◆ **Provided entries**
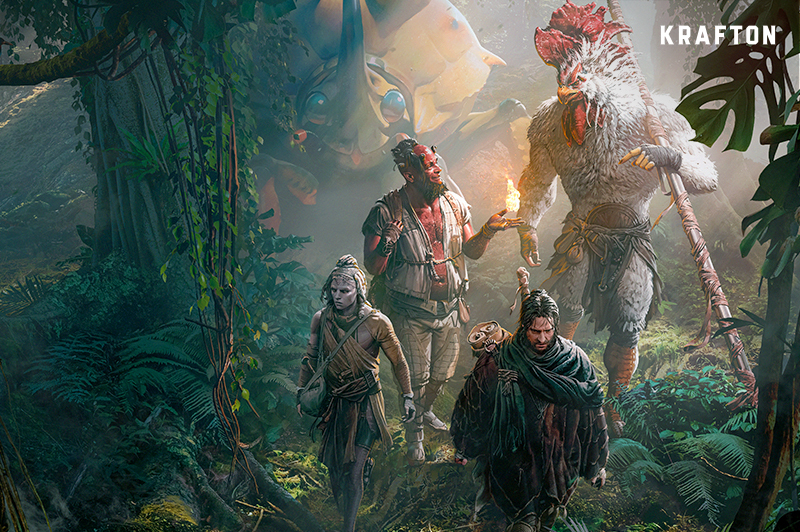 KRAFTON, INC. comienza el desarrollo de un nuevo juego basado en la novela de fantasía The Bird That Drinks Tears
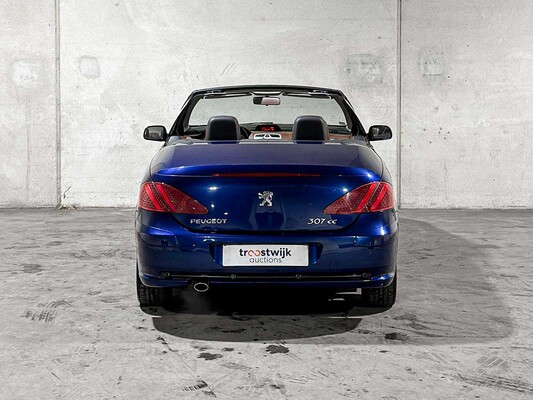 Peugeot 307 CC 2.0-16V 136pk 2005, 67-RG-XG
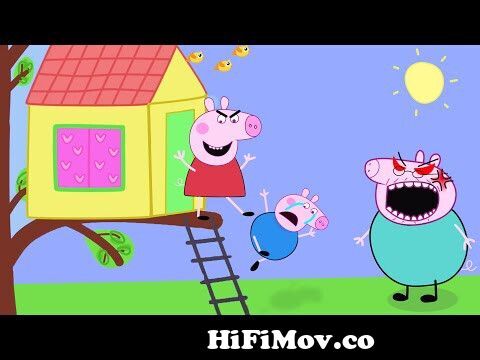 Peppa Pig's House - Peppa and Roblox Piggy Funny Animation Parody from  brackets wikipedia Watch Video 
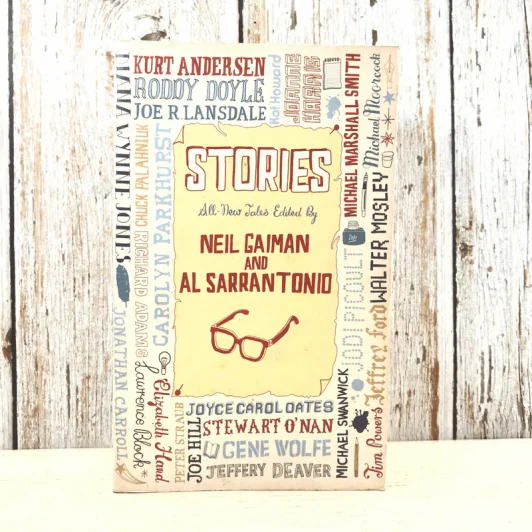Stories - Neil Gaiman and Al Sarrantonio รูปที่ 1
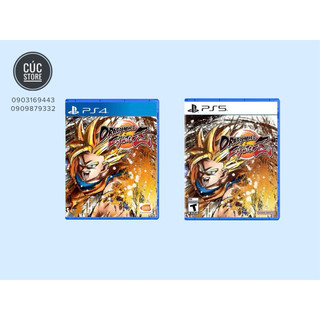 Đĩa chơi game ps4 / ps5: dragon ball fighter z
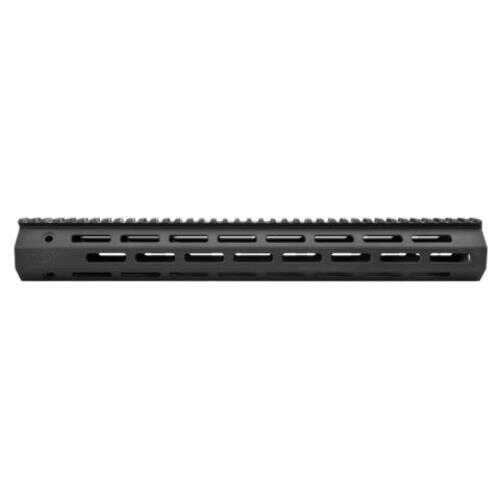 Troy Industries 15" M-LOK 5.56 Rail Aluminum, Black Md: SRAI-MV1-15BT-00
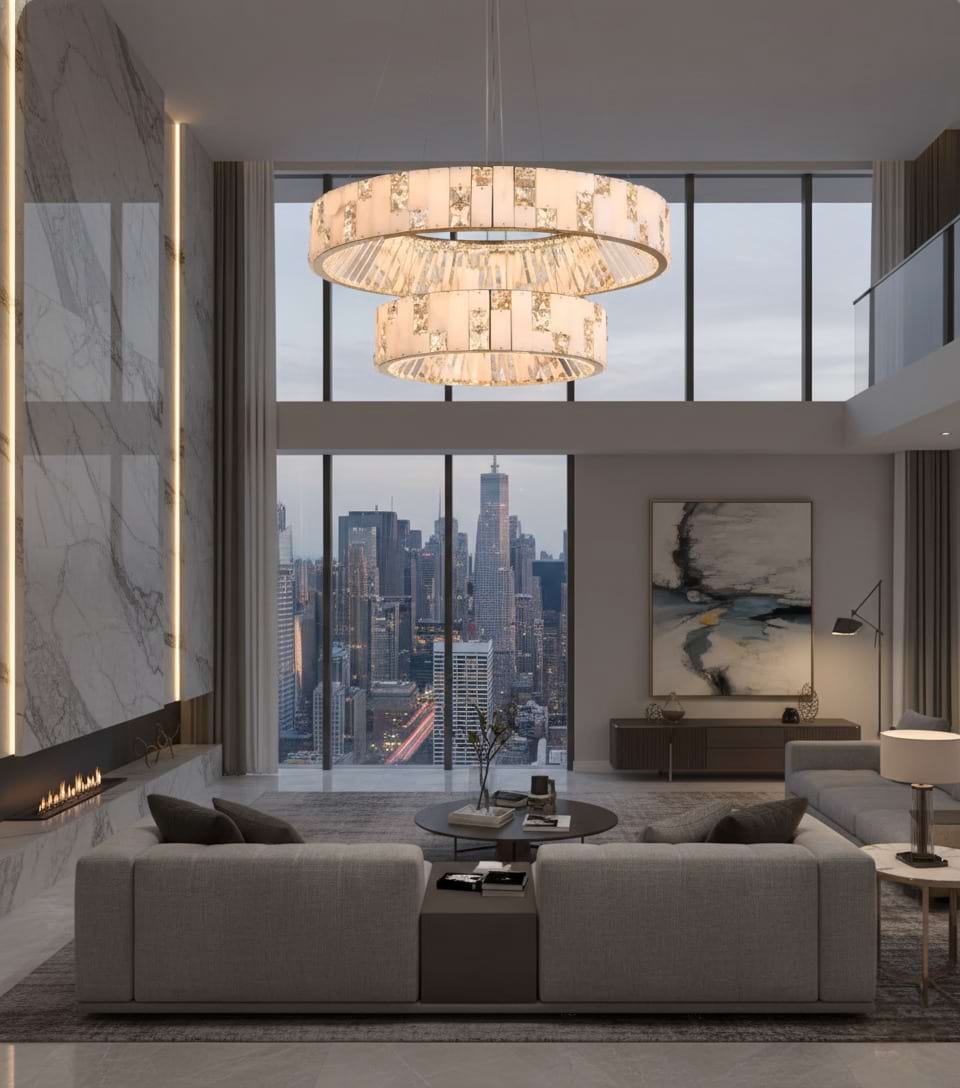 Seraphine Alabaster Chandelier Seraphine Alabaster Chandelier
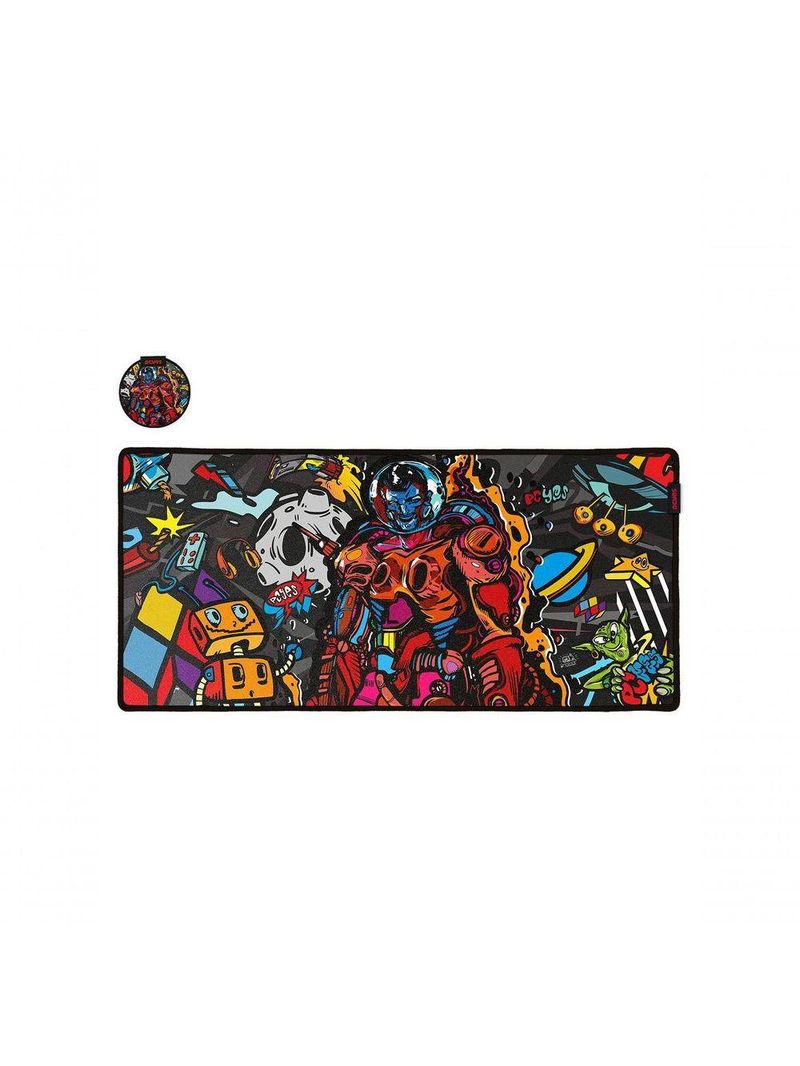 Mouse Pad Gamer Pcyes Dr Kepler Extended 900 X 420 -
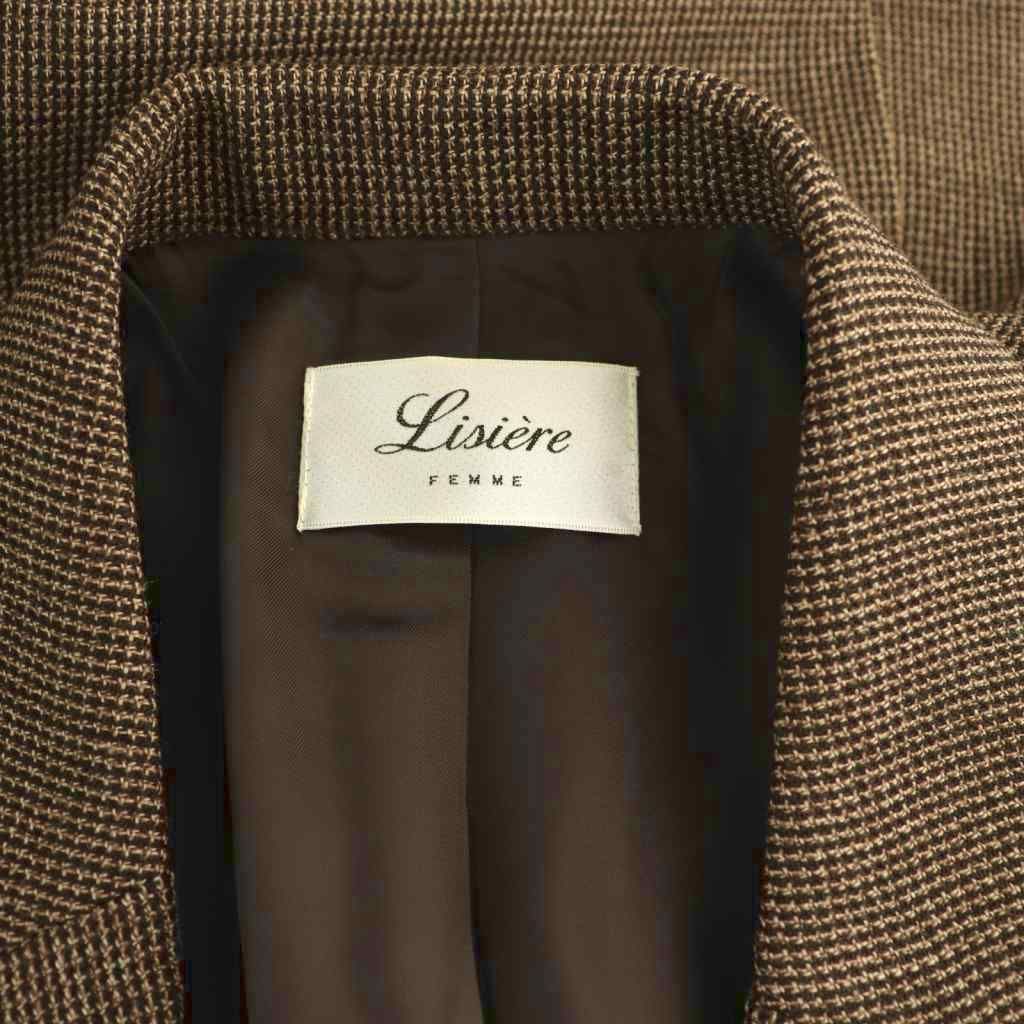 Lisiere L'Appartement リジェール アパルトモン チェックダブル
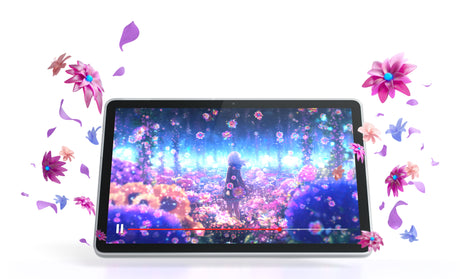 Tablette tactile LENOVO Tab - 10,1 WUXGA - 4 Go RAM - Stockage 64 Go - Gris + Coque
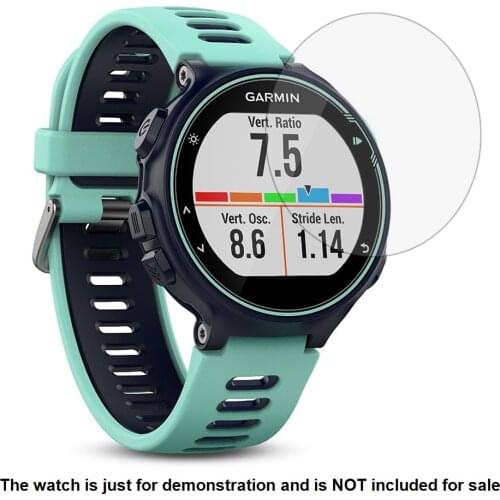 3x Clear LCD Screen Protector Cover Film Skin for Garmin ForeRunner 735XT FR735XT Sporting Running Watch Screen Film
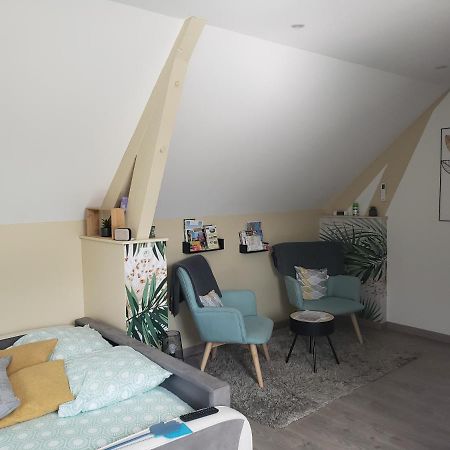 Le Charmillon, Appartement Cosi Avec Double Garage Mancey Exteriör bild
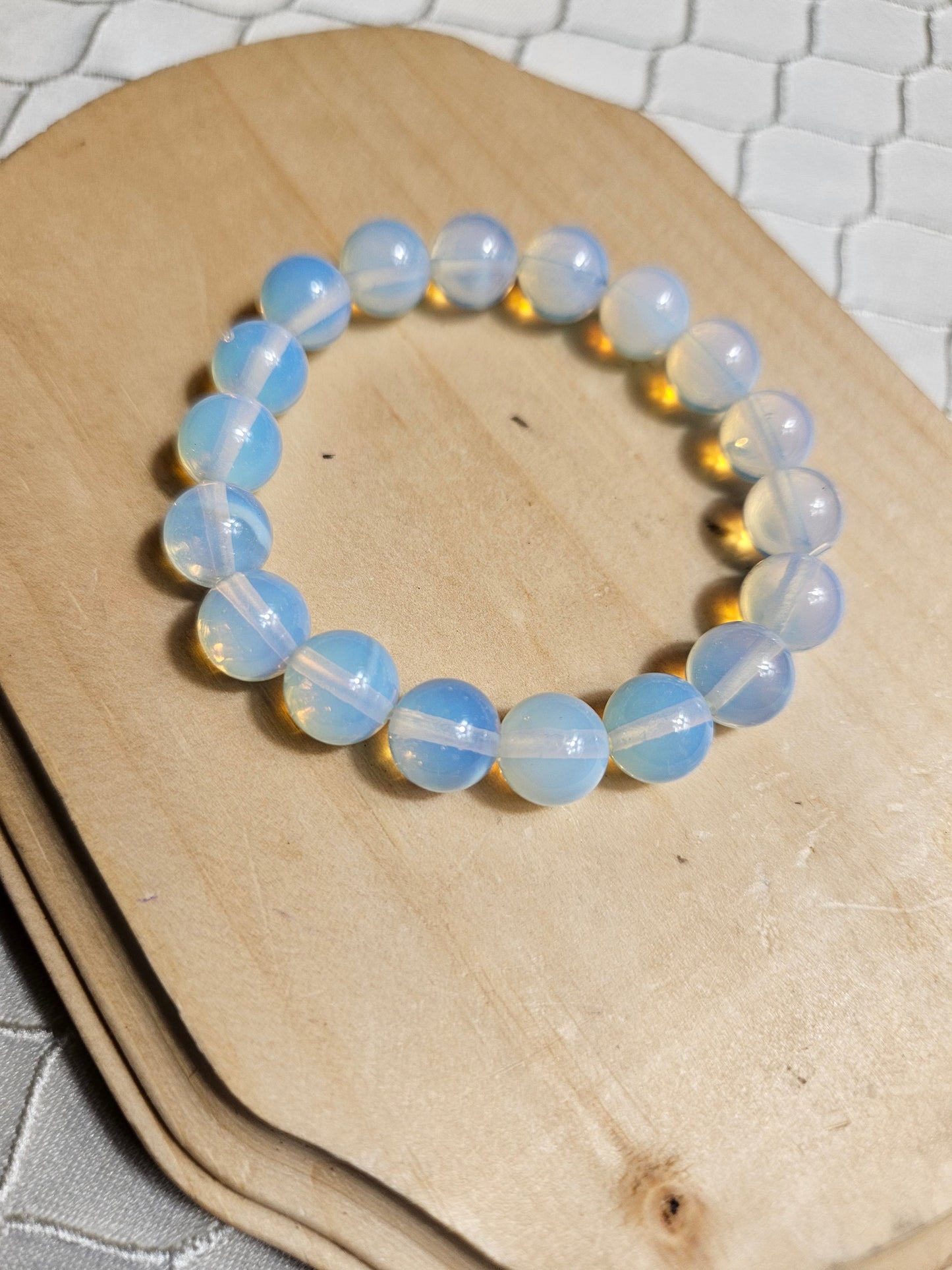 Clear Opal Bracelet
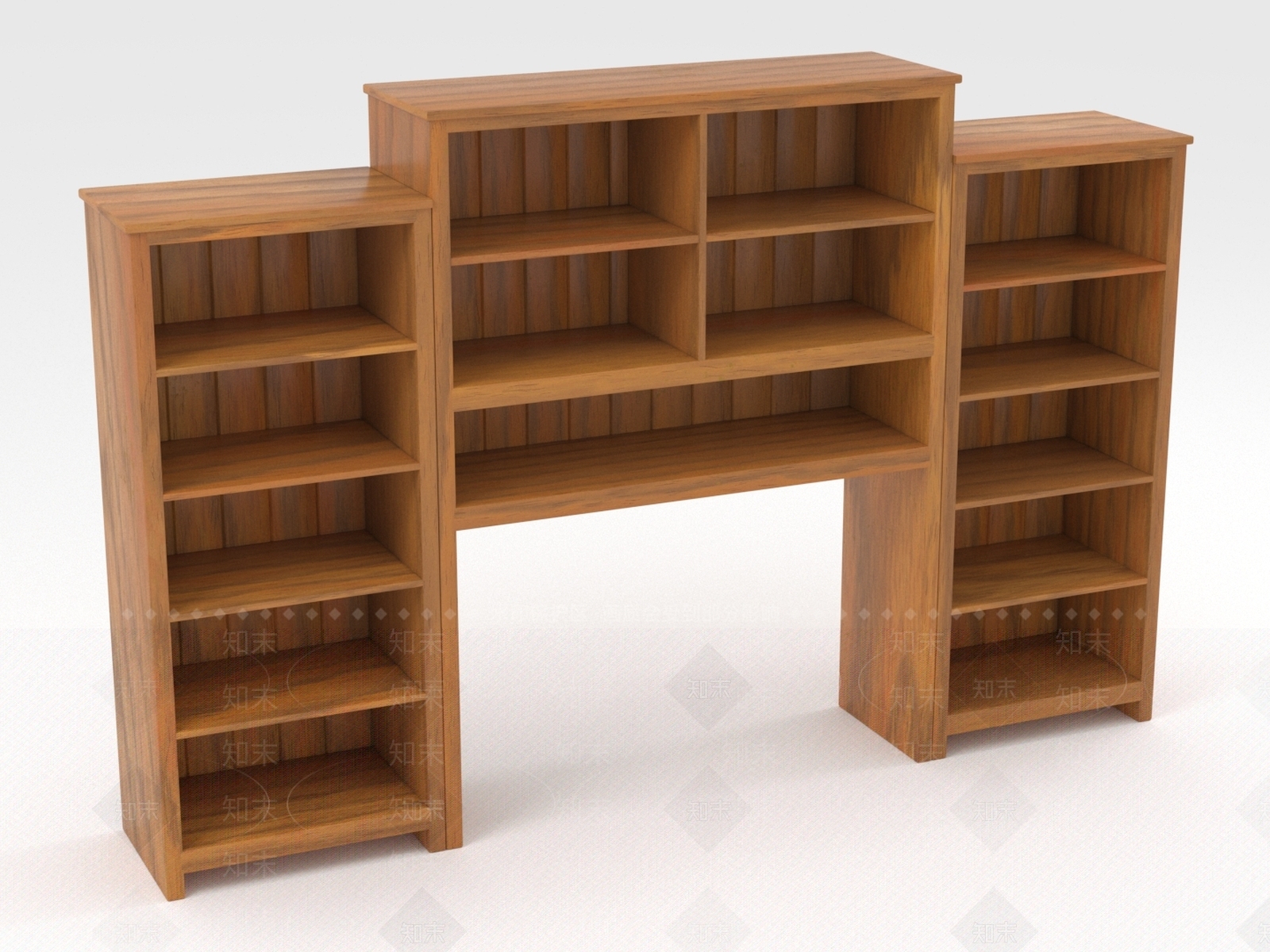 北欧书架3D模型下载【ID:1199501824】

◆ **Instructions for the task**
Give back the exact lines above, running from the one that has "Seraphine Alabaster Chandelier Seraphine" through the one that has "Clear Opal Bracelet", with nothing added and no pictures.

◆ **Answer to the problem**
 Seraphine Alabaster Chandelier Seraphine Alabaster Chandelier
 Mouse Pad Gamer Pcyes Dr Kepler Extended 900 X 420 -
 Lisiere L'Appartement リジェール アパルトモン チェックダブル
 Tablette tactile LENOVO Tab - 10,1 WUXGA - 4 Go RAM - Stockage 64 Go - Gris + Coque
 3x Clear LCD Screen Protector Cover Film Skin for Garmin ForeRunner 735XT FR735XT Sporting Running Watch Screen Film
 Le Charmillon, Appartement Cosi Avec Double Garage Mancey Exteriör bild
 Clear Opal Bracelet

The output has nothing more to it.